[EXTRACTED INFORMATION — start]

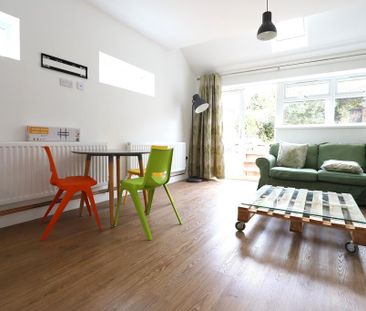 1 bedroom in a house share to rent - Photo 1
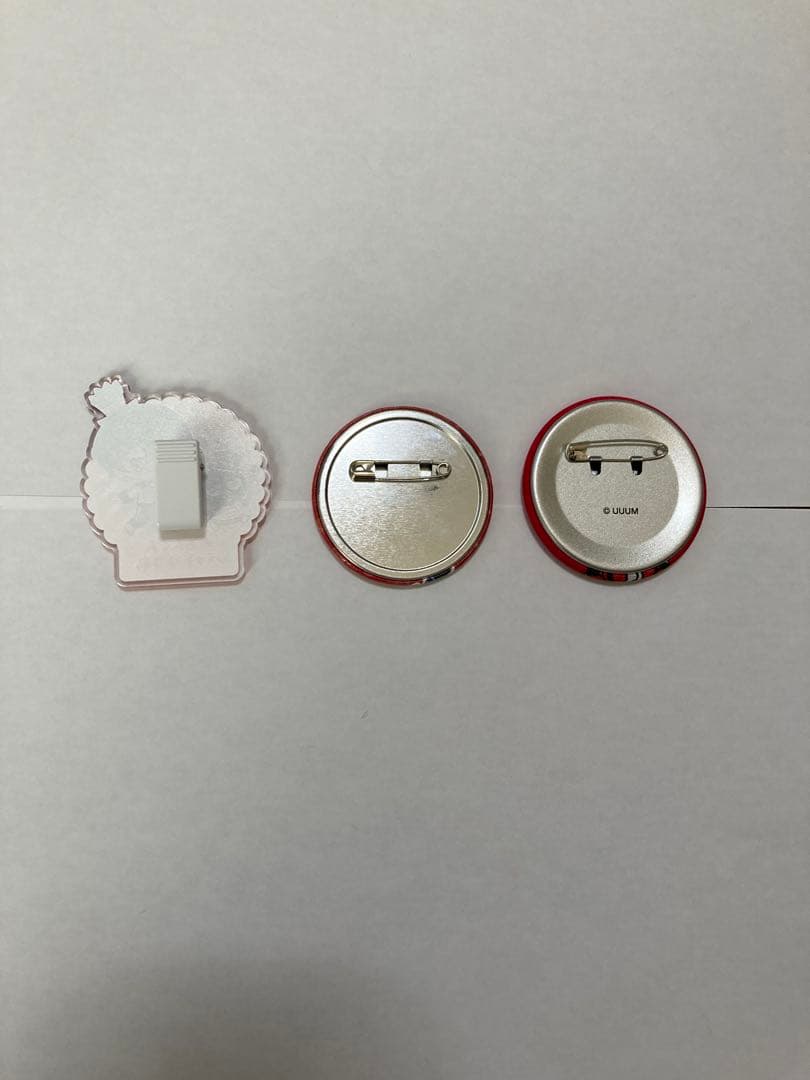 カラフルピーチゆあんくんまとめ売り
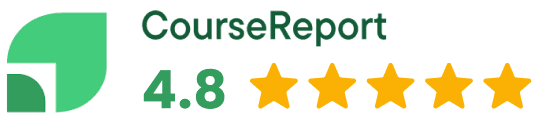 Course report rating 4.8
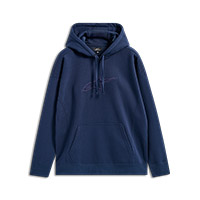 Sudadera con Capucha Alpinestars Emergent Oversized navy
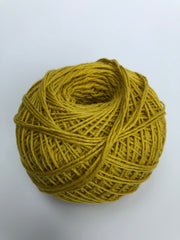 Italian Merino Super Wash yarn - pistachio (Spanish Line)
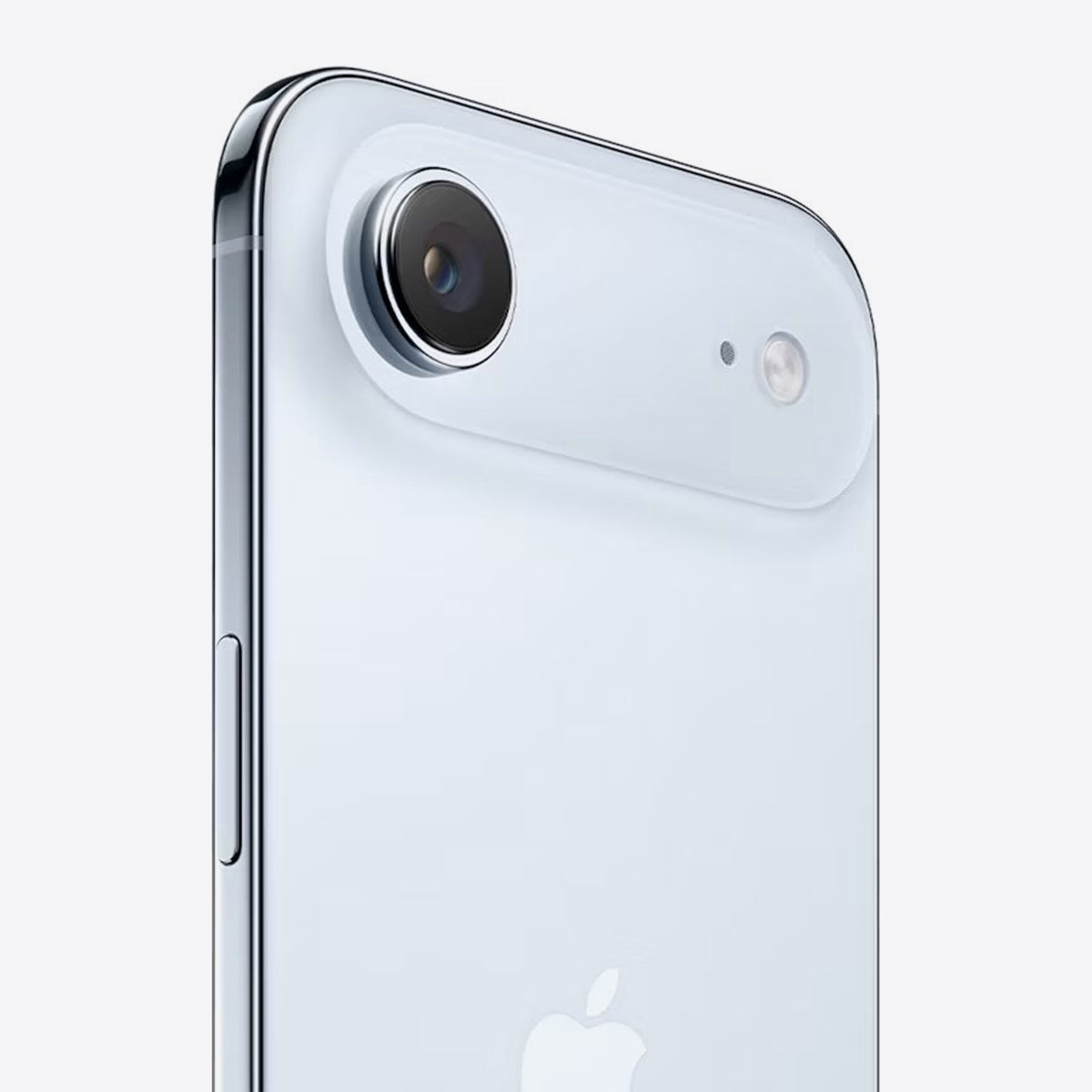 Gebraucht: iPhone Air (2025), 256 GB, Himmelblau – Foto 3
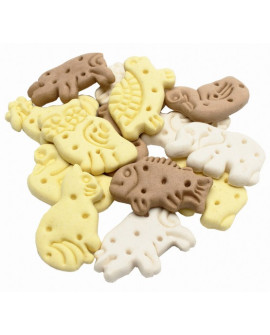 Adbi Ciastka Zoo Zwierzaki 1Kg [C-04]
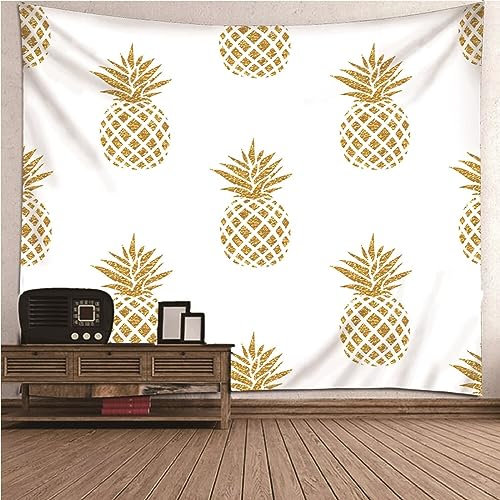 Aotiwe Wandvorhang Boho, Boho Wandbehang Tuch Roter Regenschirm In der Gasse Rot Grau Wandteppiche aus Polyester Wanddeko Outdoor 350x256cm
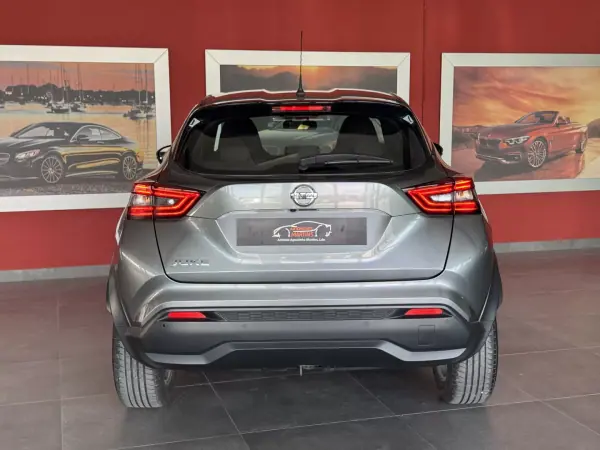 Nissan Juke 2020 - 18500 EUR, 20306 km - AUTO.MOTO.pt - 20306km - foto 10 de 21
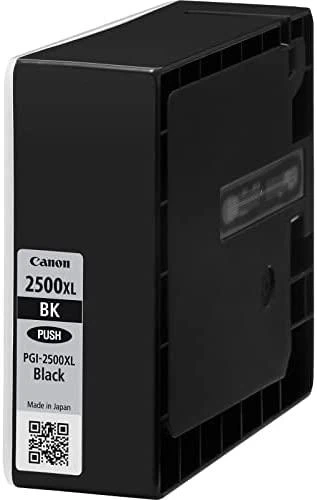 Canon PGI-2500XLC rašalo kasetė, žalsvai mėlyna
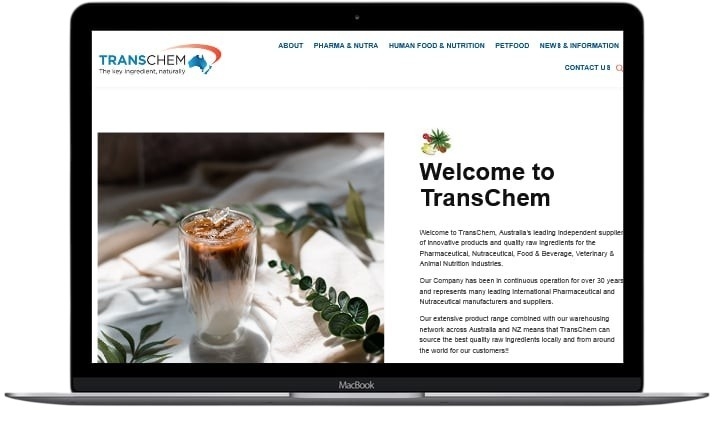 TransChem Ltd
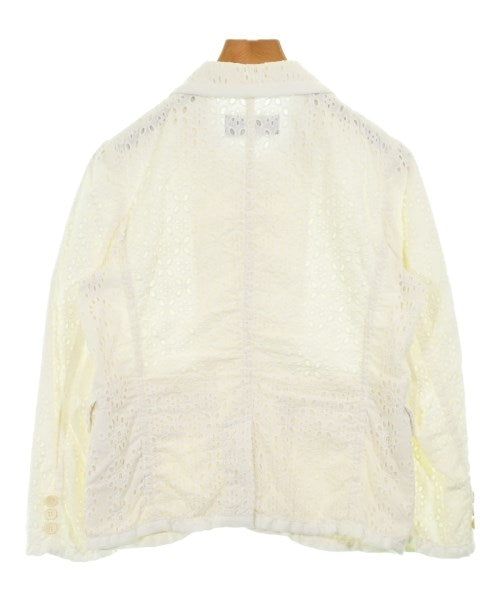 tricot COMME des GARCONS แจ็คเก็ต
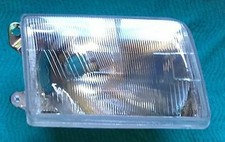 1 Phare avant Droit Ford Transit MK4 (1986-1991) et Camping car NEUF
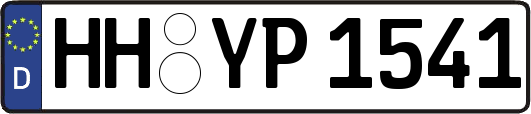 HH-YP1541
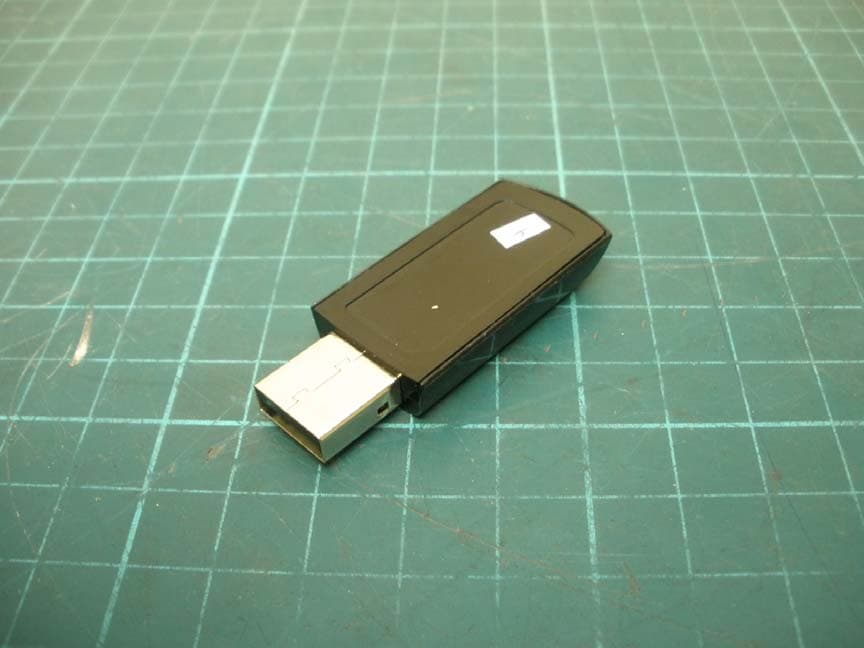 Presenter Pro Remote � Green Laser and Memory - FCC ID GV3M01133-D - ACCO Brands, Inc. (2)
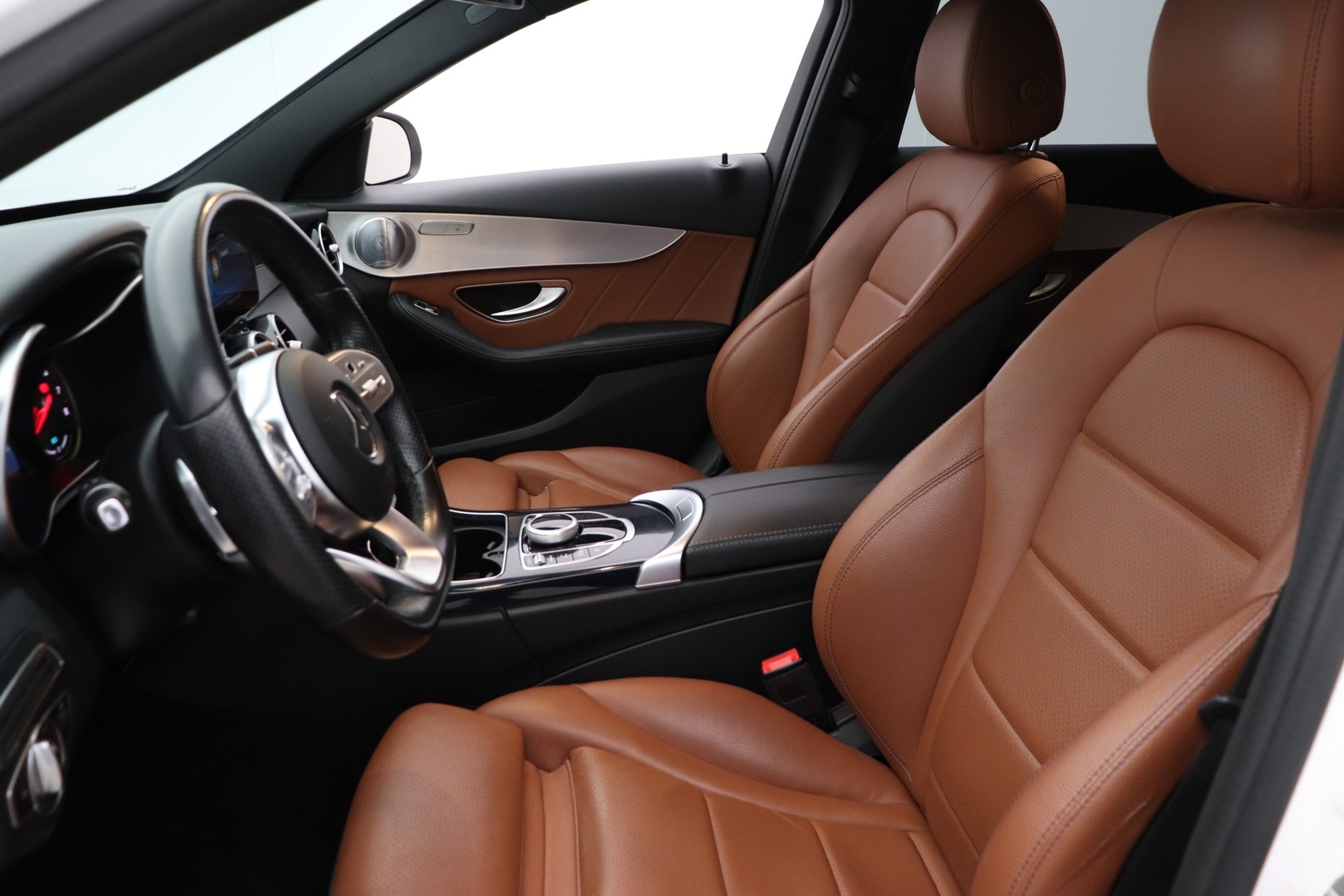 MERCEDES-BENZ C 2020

[EXTRACTED INFORMATION — finish]

### YOUR INSTRUCTIONS:
Please copy the lines above, starting at the one that holds "Gebraucht: iPhone Air" and stopping after the last line, exactly as they appear and minus the pictures.

### PROBLEM SOLUTION:
 Gebraucht: iPhone Air (2025), 256 GB, Himmelblau – Foto 3
 Adbi Ciastka Zoo Zwierzaki 1Kg [C-04]
 Aotiwe Wandvorhang Boho, Boho Wandbehang Tuch Roter Regenschirm In der Gasse Rot Grau Wandteppiche aus Polyester Wanddeko Outdoor 350x256cm
 Nissan Juke 2020 - 18500 EUR, 20306 km - AUTO.MOTO.pt - 20306km - foto 10 de 21
 Canon PGI-2500XLC rašalo kasetė, žalsvai mėlyna
 TransChem Ltd
 tricot COMME des GARCONS แจ็คเก็ต
 1 Phare avant Droit Ford Transit MK4 (1986-1991) et Camping car NEUF
 HH-YP1541
 Presenter Pro Remote � Green Laser and Memory - FCC ID GV3M01133-D - ACCO Brands, Inc. (2)
 MERCEDES-BENZ C 2020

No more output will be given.